Cape Town – Former Proteas spinner Paul Harris reveals that he suffered from depression following his retirement from international cricket.
Harris was mainly used as a defensive Test spinner for the Proteas from 2007 to 2011.
The left-arm spinner played 3 ODIs and 37 Tests for the Proteas, taking 103 Test wickets at an average of 37.87.
Harris officially announced his retirement from a 14-year career for the Titans in January 2013.
In a column for LiveCricOnline, Harris reveals that he struggled to adjust to life after cricket.
“For those who didn’t have this luxury, post retirement can be one of the most stressful times in one’s life,” he wrote.
“Finding one’s ‘place’ after cricket can be daunting and there is not much in terms of support. The various players associations have made decent strides in the last few years with a certain level of support, but not nearly enough. You often hear of retired cricketers going through deep depression and in severe cases even suicide or suicidal thoughts.
“I was one of those who went through a certain level of depression post retirement. I was by no means at a suicidal level but there was certainly a level of depression. I was in the fortunate position of having the support of family during this time.”

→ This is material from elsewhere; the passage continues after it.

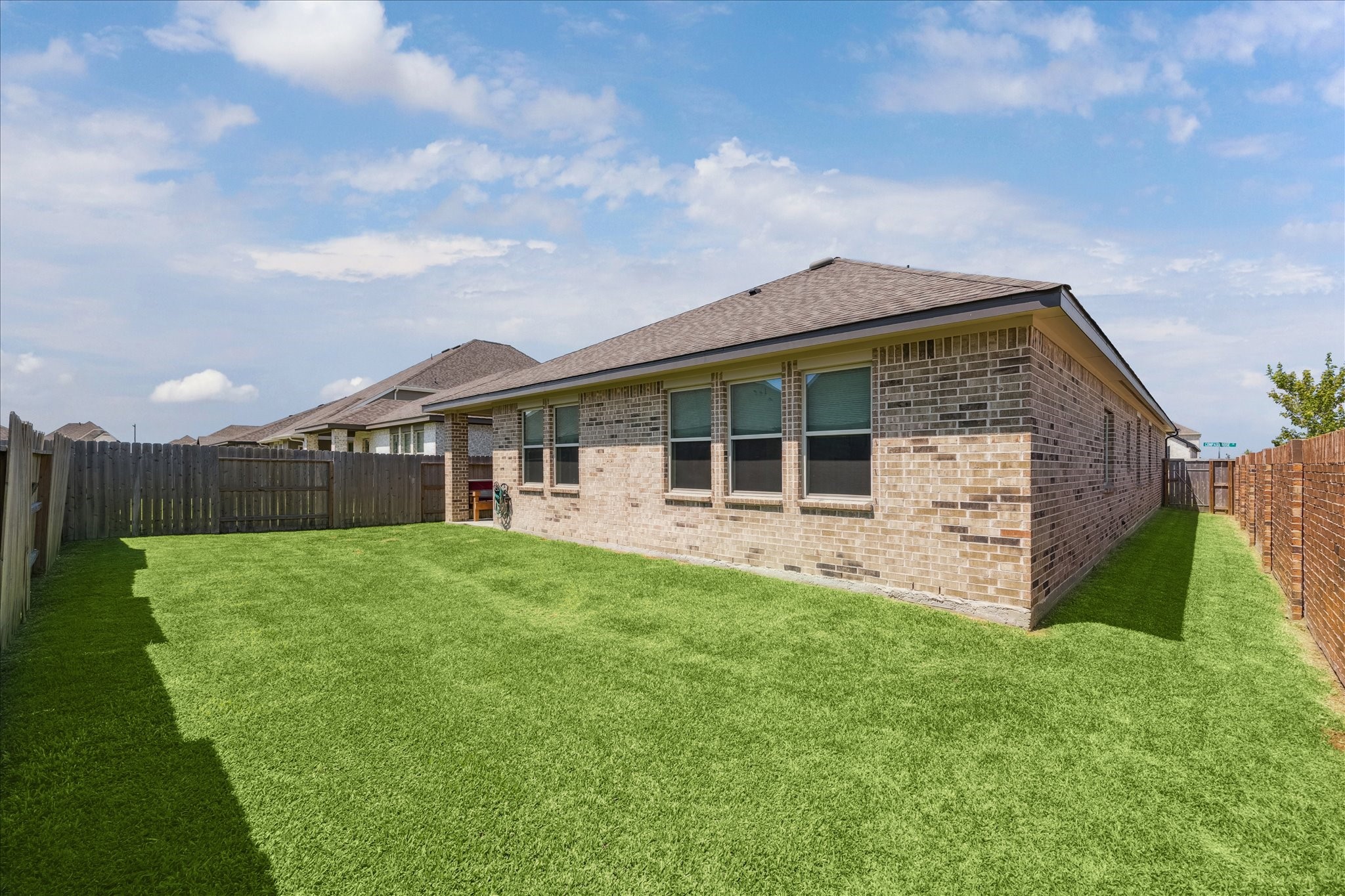 1734 Compass Rose Angleton, TX 77515 - Photo 23 of 23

Harris, who commentated during the inaugural Mzansi Super League, admits that more needs to be done for retiring cricketers.

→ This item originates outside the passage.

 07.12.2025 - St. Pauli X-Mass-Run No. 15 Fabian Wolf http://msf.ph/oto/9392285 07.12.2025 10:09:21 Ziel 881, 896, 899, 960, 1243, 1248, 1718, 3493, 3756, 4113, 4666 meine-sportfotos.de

“There needs to be more done throughout a sportsmen’s career to prepare him for the inevitable retirement phase of life,” wrote Harris.
“The point is that if you are still playing professional sport take the time to upskill yourself.
“… Those that are retired understand that while it can be a depressing and lonely place it is an opportunity to remake yourself and with a positive, willing to learn mindset who knows what you can achieve.“
The SA Depression and Anxiety Group has a 24-hour toll-free counselling helpline. The number is 0800 222 333.